Bar Plot of cook's distance to detect observations that strongly influence fitted values of the model.

ols_plot_cooksd_bar(model, type = 1, print_plot = TRUE)

## Arguments

model An object of class lm. An integer between 1 and 5 selecting one of the 6 methods for computing the threshold. logical; if TRUE, prints the plot else returns a plot object.

## Value

ols_plot_cooksd_bar returns a list containing the following components:

outliers

a data.frame with observation number and cooks distance that exceed threshold

threshold

threshold for classifying an observation as an outlier

## Details

Cook's distance was introduced by American statistician R Dennis Cook in 1977. It is used to identify influential data points. It depends on both the residual and leverage i.e it takes it account both the x value and y value of the observation.

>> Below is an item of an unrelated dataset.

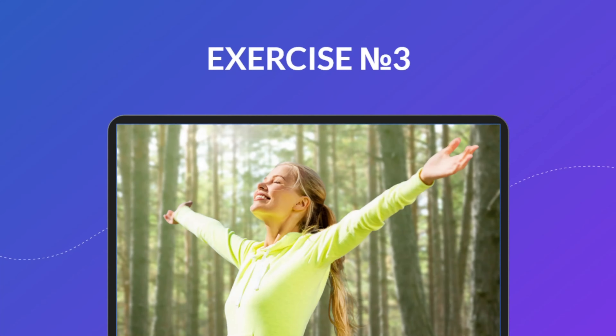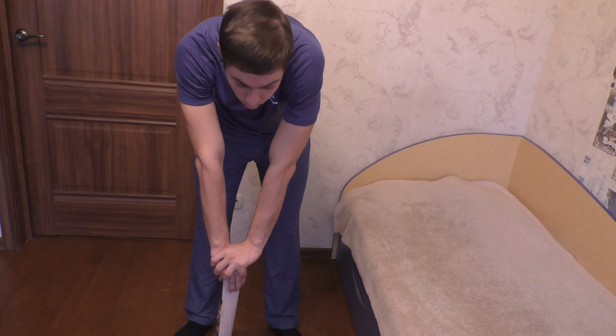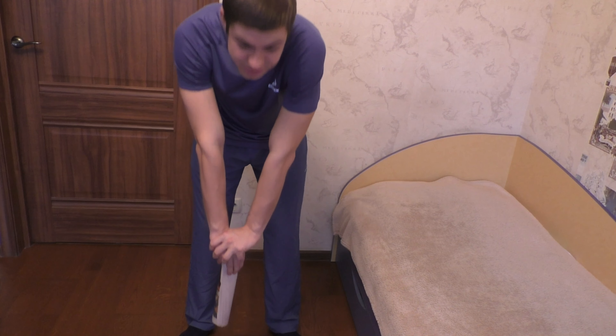Exercise 3. Also stand with feet shoulder width apart and take a rolled up newspaper in your hands or something else that will simulate a pump handle. Imagine that you inflate the tire and do a tilt during which take a quick breath with your nose, then straighten up and exhale freely with your mouth.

Steps to compute Cook's distance:

• Delete observations one at a time.

• Refit the regression model on remaining $$n - 1$$ observations

• examine how much all of the fitted values change when the ith observation is deleted.

A data point having a large cook's d indicates that the data point strongly influences the fitted values. There are several methods/formulas to compute the threshold used for detecting or classifying observations as outliers and we list them below.

• Type 1 : 4 / n

• Type 2 : 4 / (n - k - 1)

• Type 3 : ~1

• Type 4 : 1 / (n - k - 1)

• Type 5 : 3 * mean(Vector of cook's distance values)

where n and k stand for

• n: Number of observations

• k: Number of predictors

## Deprecated Function

ols_cooksd_barplot() has been deprecated. Instead use ols_plot_cooksd_bar().

model <- lm(mpg ~ disp + hp + wt, data = mtcars)